RECORDS SUPPLIED:
....
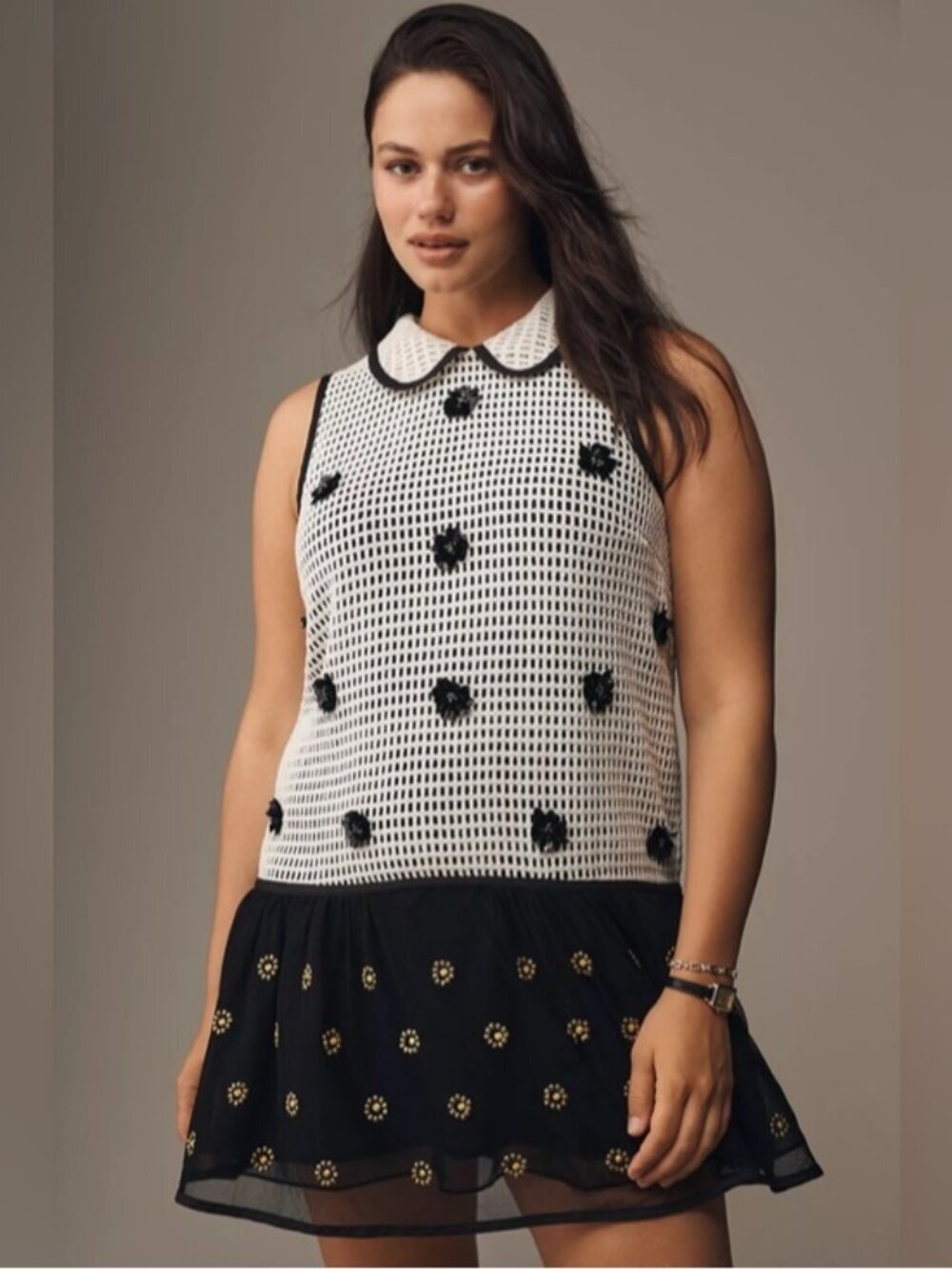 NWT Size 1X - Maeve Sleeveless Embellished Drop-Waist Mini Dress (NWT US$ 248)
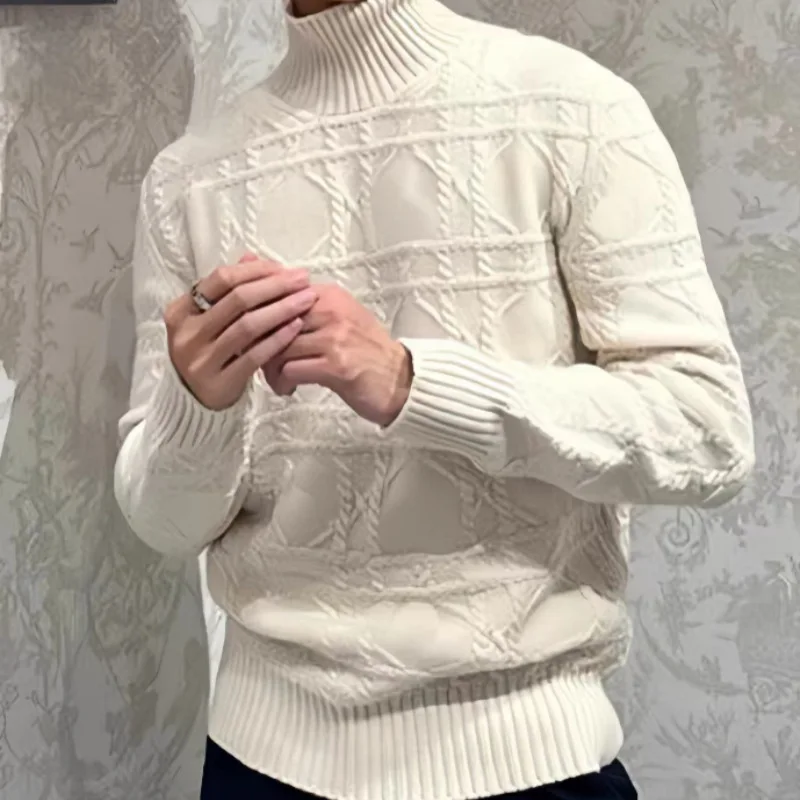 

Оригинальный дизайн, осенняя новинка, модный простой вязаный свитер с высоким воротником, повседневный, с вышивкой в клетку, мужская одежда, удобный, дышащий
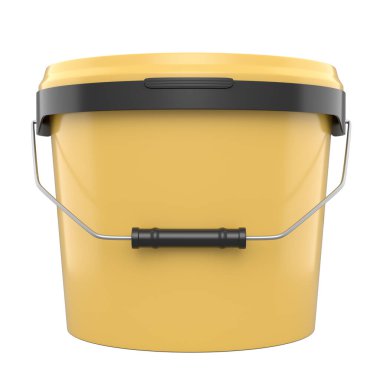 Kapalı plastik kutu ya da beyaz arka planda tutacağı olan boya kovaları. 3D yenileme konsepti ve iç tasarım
....
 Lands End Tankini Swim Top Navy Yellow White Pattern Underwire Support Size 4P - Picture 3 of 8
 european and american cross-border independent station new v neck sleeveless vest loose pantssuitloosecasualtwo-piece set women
....
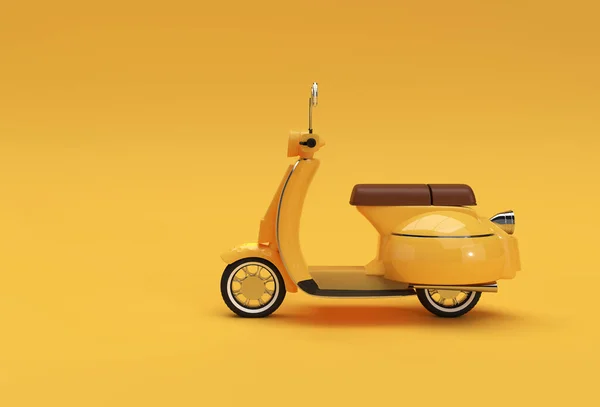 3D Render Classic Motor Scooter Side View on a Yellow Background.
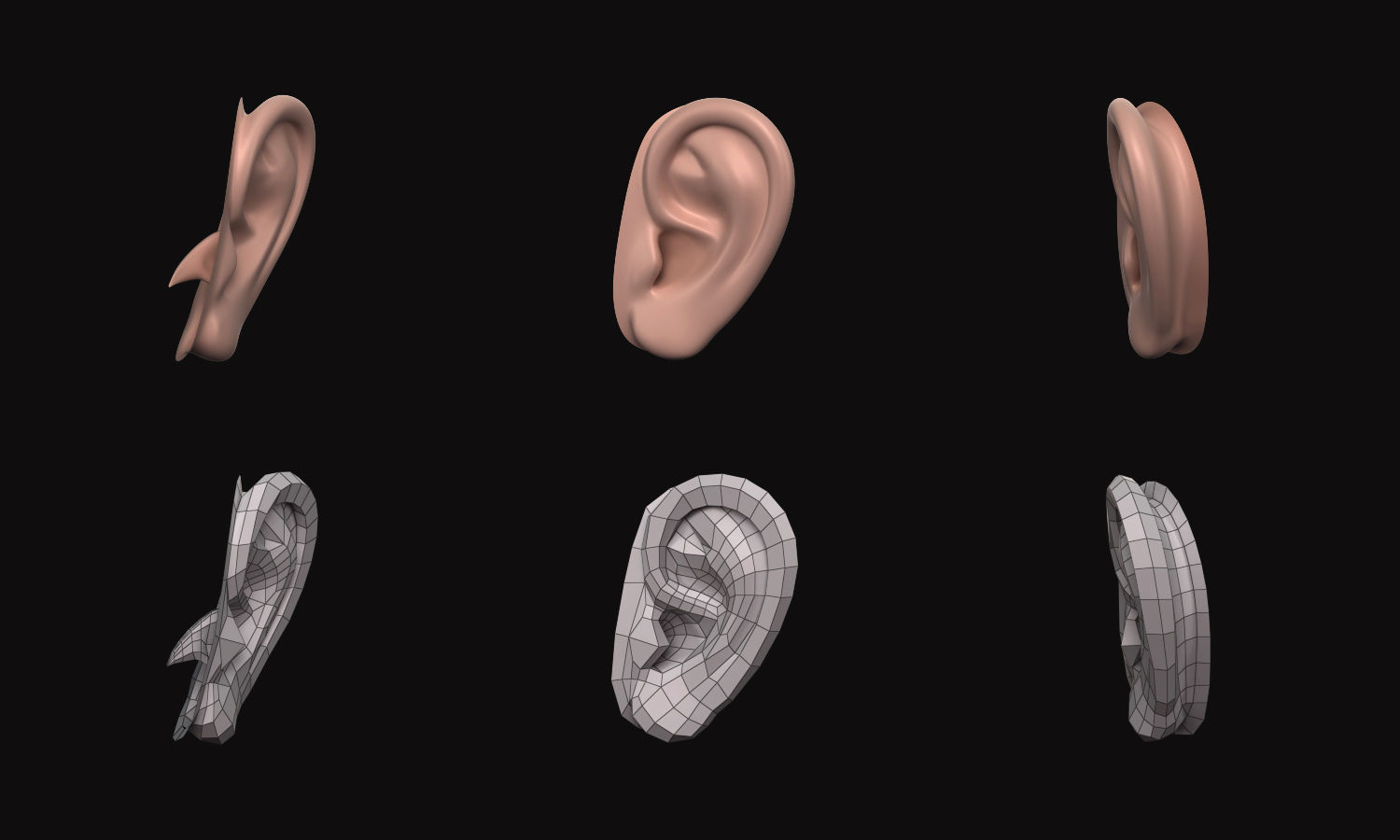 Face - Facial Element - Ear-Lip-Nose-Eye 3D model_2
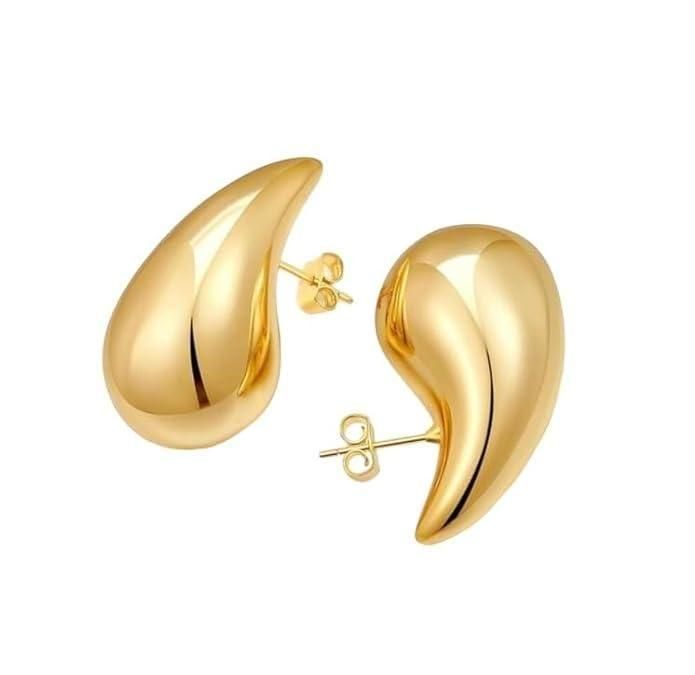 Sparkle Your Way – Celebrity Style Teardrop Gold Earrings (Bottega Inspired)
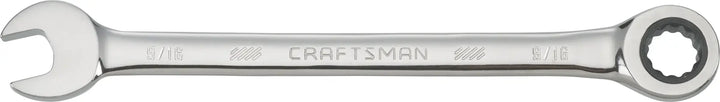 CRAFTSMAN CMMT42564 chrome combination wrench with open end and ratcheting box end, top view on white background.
....
EXERCISE DESCRIPTION:
Reproduce exactly the lines above starting at the line containing "NWT Size 1X" and ending at the line containing "Kapalı plastik kutu", including both, but not the pictures.

RESULT OF THE EXERCISE:
 NWT Size 1X - Maeve Sleeveless Embellished Drop-Waist Mini Dress (NWT US$ 248)

Оригинальный дизайн, осенняя новинка, модный простой вязаный свитер с высоким воротником, повседневный, с вышивкой в клетку, мужская одежда, удобный, дышащий
 Kapalı plastik kutu ya da beyaz arka planda tutacağı olan boya kovaları. 3D yenileme konsepti ve iç tasarım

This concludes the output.